Perlu diingat bahwa hak-hak tersebut tidak diperoleh secara otomatis tetapi dengan syarat atau kriteria tertentu. Sama halnya dengan pemberian remisi.


Proses Pembinaan Narapidana
Ada 4 tahap dalam proses pembinaan narapidana Sistem Pemasyarakatan Indonesia. Remisi sudah dapat dihitung semenjak yang bersangkutan yang telah berstatus narapidana menjalani masa pidana atau dalam Sistem Pemasyarakatan Indonesia disebut dengan menjalani proses pembinaan.

Dalam tahap pertama menjalankan proses pembinaan terhadap narapidana, lembaga pemasyarakatan melakukan penelitian terhadap hal ikhwal narapidana; sebab dilakukannya suatu pelanggaran. Pembinaan ini dilaksanakan saat yang bersangkutan berstatus sebagai narapidana sampai dengan 1/3 (sepertiga) masa pidananya. Pada tahap ini, pembinaan dilakukan didalam lembaga pemasyarakatan dengan pengawasan maksimum.

Pada
tahap kedua proses pembinaan, setelah yang bersangkutan telah menjalani 1/3 masa pidana yang sebenarnya, serta narapidana tersebut dianggap sudah mencapai cukup kemajuan maka kepada narapidana yang bersangkutan diberikan kebebasan yang lebih banyak dan ditempatkan pada Lembaga Pemasyarakatan dalam pengawasan medium security. Yang dimaksud dengan narapidana telah menunjukkan kemajuan disini adalah dengan terlihatnya keinsyafan, perbaikan diri, disiplin dan patuh pada peraturan tata-tertib yang berlaku di Lembaga.
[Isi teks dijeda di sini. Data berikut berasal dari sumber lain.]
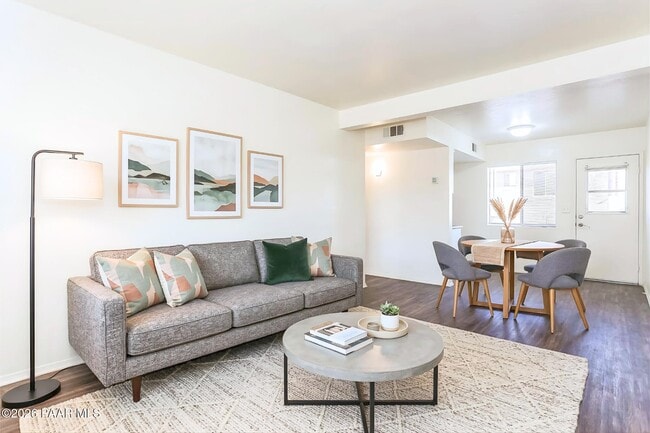 Building Photo - 455 W Kelso St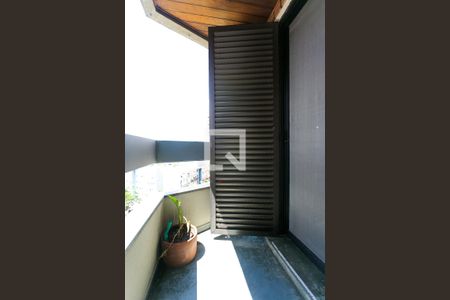 Apartamento para alugar com 260m², 4 quartos e 4 vagas Apartamento para alugar com 260m², 4 quartos e 4 vagas Suíte 2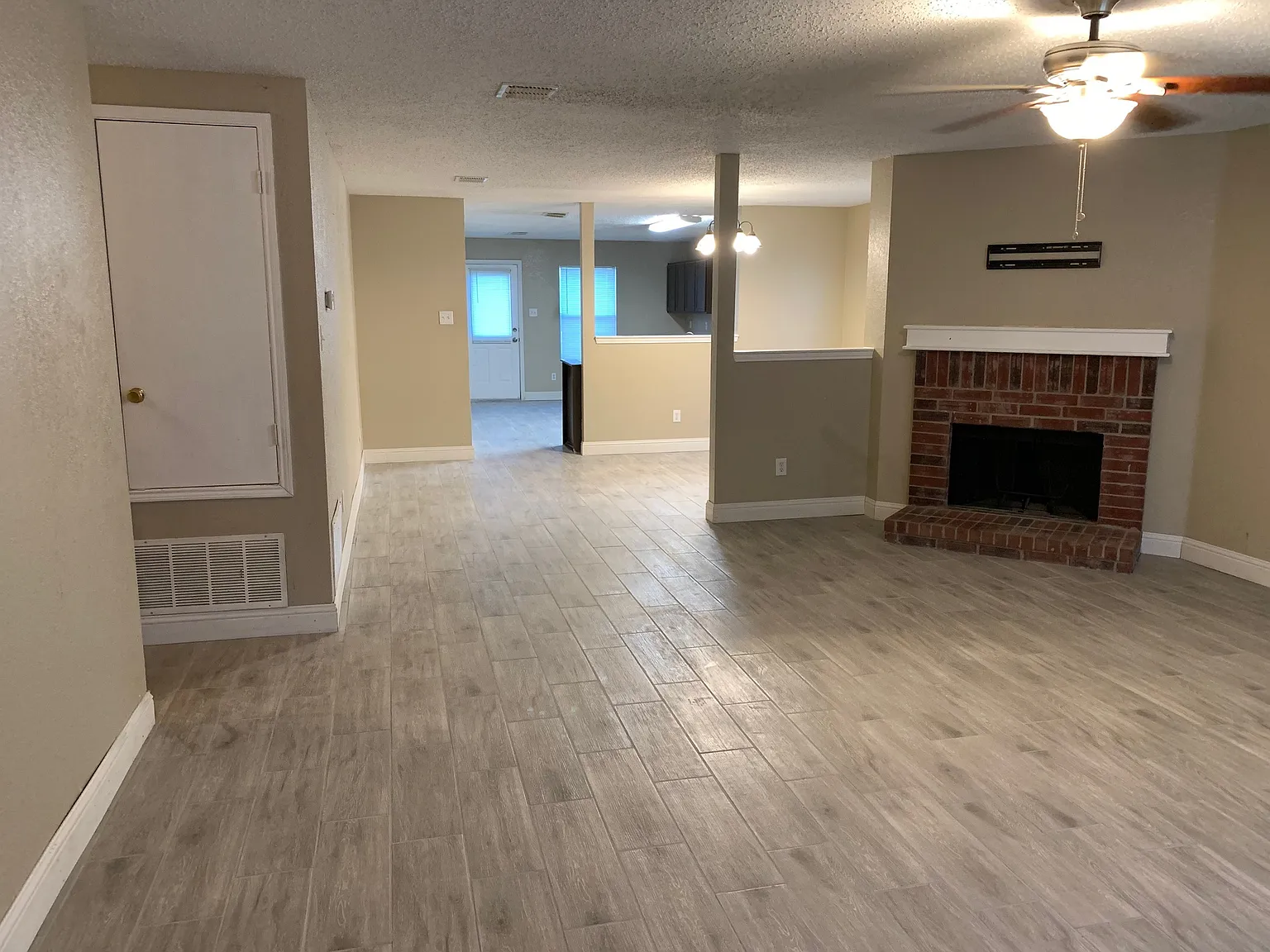 3 bed, 1888 sqft, $2,250 — Photo 2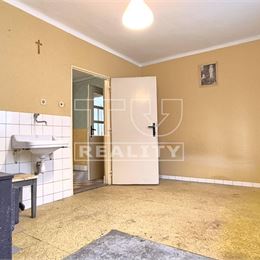 Super cena!Na predaj rodinný dom na rovinatom pozemku v obci Závada, 101m2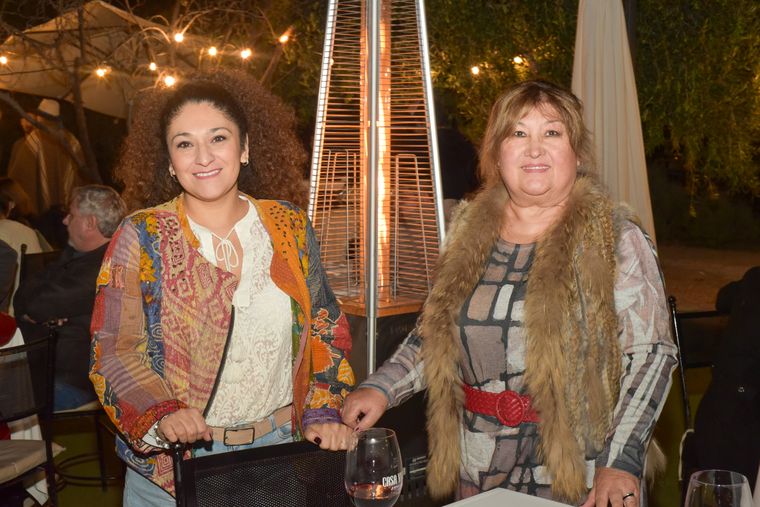 Lorena Salinas y Adela González. Lorena Salinas y Adela González.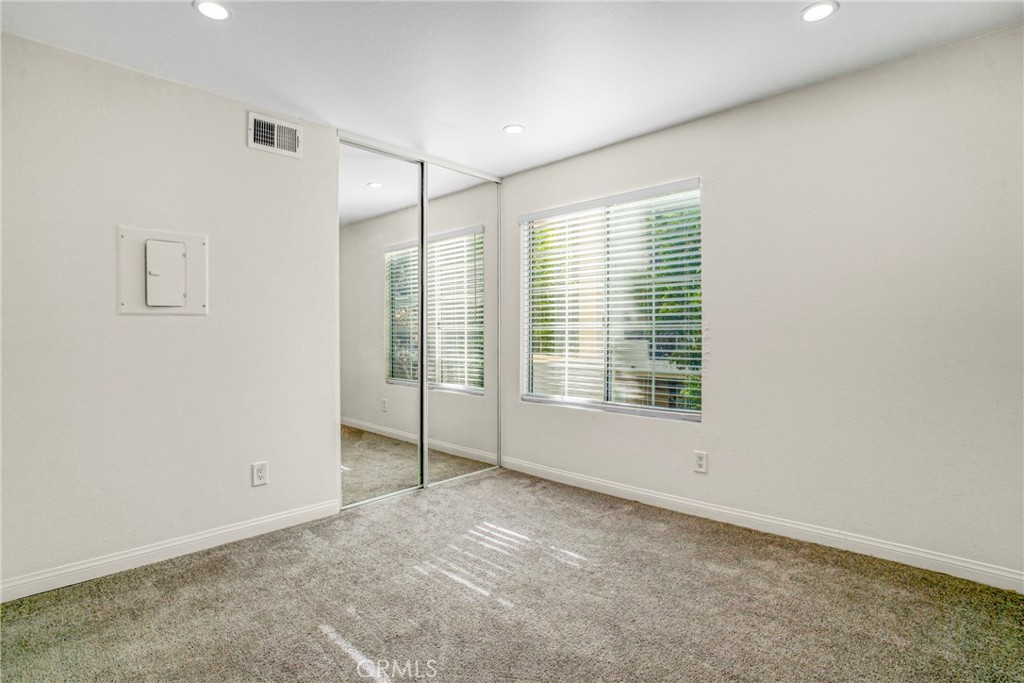 5535 Canoga Avenue 221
Setelah menjalani 1/2 dari masa pidana yang sebenarnya, maka wadah proses pembinaan diperluas dengan asimilasi yang pelaksanaannya terdiri dari 2 bagian yaitu yang pertama waktunya dimulai sejak berakhirnya tahap awal sampai dengan 1/2 dari masa pidananya. Pada tahap ini pembinaan masih dilaksanakan di dalam Lapas dengan sistem pengawasan menengah (medium security). Tahap kedua dimulai sejak berakhirnya masa lanjutan pertama sampai dengan 2/3 masa pidananya. Dalam tahap lanjutan ini narapidana sudah memasuki tahap asimilasi dan selanjutnya dapat diberikan pembebasan bersyarat atau cuti menjelang bebas dengan pengawasan minimum.

Setelah proses pembinaan telah berjalan selama 2/3 masa pidana yang sebenarnya atau sekurang-kurangnya 9 bulan, maka pembinaan dalam tahap ini memasuki pembinaan tahap akhir. Pembinaan
tahap akhir yaitu berupa kegiatan perencanaan dan pelaksanaan program integrasi yang dimulai sejak berakhirnya tahap lanjutan sampai dengan selesainya masa pidana. Pada tahap ini, bagi narapidana yang memenuhi syarat diberikan cuti menjelang bebas atau pembebasan bersyarat. Pembinaan dilakukan diluar Lapas oleh Balai Pemasyarakatan (BAPAS) yang kemudian disebut pembimbingan Klien Pemasyarakatan.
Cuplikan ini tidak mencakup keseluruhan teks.